Connection between each four-way processor is at 3.2Gbps. This was one feature implemented from IBM's eLiza self-healing systems project.
Others include chipkill, bit-steering, memory mirroring and active memory - all of which enable the system to continue when memory or chip failure occurs - as well as predictive failure analysis (PFA) taken from IBM's NetFinity range, plus software PFA that predicts and overcomes likely software failure.
Director software built into the controller was a 'must have', according to Wanduragala, because it meant that operating systems vendors could forget which chipset was being used.
"When McKinley [the IA-64 Itanium-based chipset] comes along the same software will run it," he said. Director includes capabilities such as switching operating systems on and off.
But Wanduragala said that putting all its I-O into separate boxes that would directly connect to each other was likely to be the most underrated but significant feature.
Coming from IBM's zSeries, the RXE100 box holds six or 12 PCI or PCI-X cards and, in the first release, three can be daisy-chained together.

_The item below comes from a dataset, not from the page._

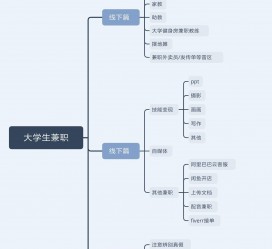 河池明晓得网上模特兼职不靠谱(雇用平台上的兼职模特实在可靠吗)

Previously, I-O has been contained within the system which restricted the configured number of connections. By being external, the RXE100 can also be connected to more than one system, providing possibilities such as failover support. It is also designed to allow for InfiniBand in place of PCI when it becomes available.
UK pricing for four-way systems starts from £12,061 for 1.5 GHz or £16,005 for 1.6 GHz x360 with 36Gb of disk and six fully configured PCI slots.